Total shareholders’ equity was $388.9 million, or 12.64% of total assets, at June 30, 2009, as compared to $343.9 million, or 11.15% of total assets, at June 30, 2008. During the second quarter of 2009, total shareholders’ equity averaged $389.1 million, or 12.62% of average assets, as compared to $351.9 million, or 11.61% of average assets, during the same period in 2008.
Banking regulators measure capital adequacy by means of the risk-based capital ratio and leverage ratio. The risk-based capital rules provide for the weighting of assets and off-balance-sheet commitments and contingencies according to prescribed risk categories ranging from 0% to 100%. Regulatory capital is then divided by risk-weighted assets to determine the risk-adjusted capital ratios. The leverage ratio is computed by dividing shareholders’ equity less intangible assets by quarter-to-date average assets less intangible assets. Regulatory minimums for total risk-based and leverage ratios are 8.00% and 3.00%, respectively. As of June 30, 2009, our total risk-based and leverage capital ratios were 18.61% and 10.53%, respectively, as compared to total risk-based and leverage capital ratios of 16.27% and 9.55% as of June 30, 2008. We believe by all measurements our capital ratios remain well above regulatory minimums.
Interest Rate Risk. Interest rate risk results when the maturity or repricing intervals of interest-earning assets and interest-bearing liabilities are different. Our exposure to interest rate risk is managed primarily through our strategy of selecting the types and terms of interest-earning assets and interest-bearing liabilities that generate favorable earnings while limiting the potential negative effects of changes in market interest rates. We use no off-balance-sheet financial instruments to manage interest rate risk.
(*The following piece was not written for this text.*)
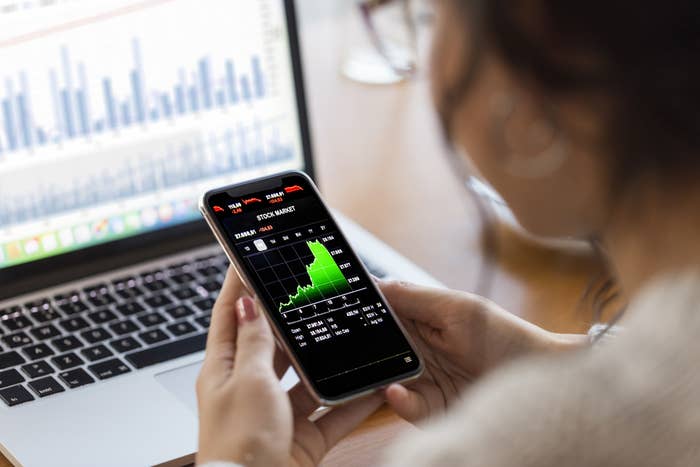 Person investing on phone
Each of our subsidiary banks has an asset liability management committee that monitors interest rate risk and compliance with investment policies; there is also a holding company-wide committee that monitors the aggregate company’s interest rate risk and compliance with investment policies. The Company and each subsidiary bank utilize an earnings simulation model as the primary quantitative tool in measuring the amount of interest rate risk associated with changing market rates. The model quantifies the effects of various interest rate scenarios on projected net interest income and net income over the next 12 months. The model measures the impact on net interest income relative to a base case scenario of hypothetical fluctuations in interest rates over the next 12 months. These simulations incorporate assumptions regarding balance sheet growth and mix, pricing and the repricing and maturity characteristics of the existing and projected balance sheet.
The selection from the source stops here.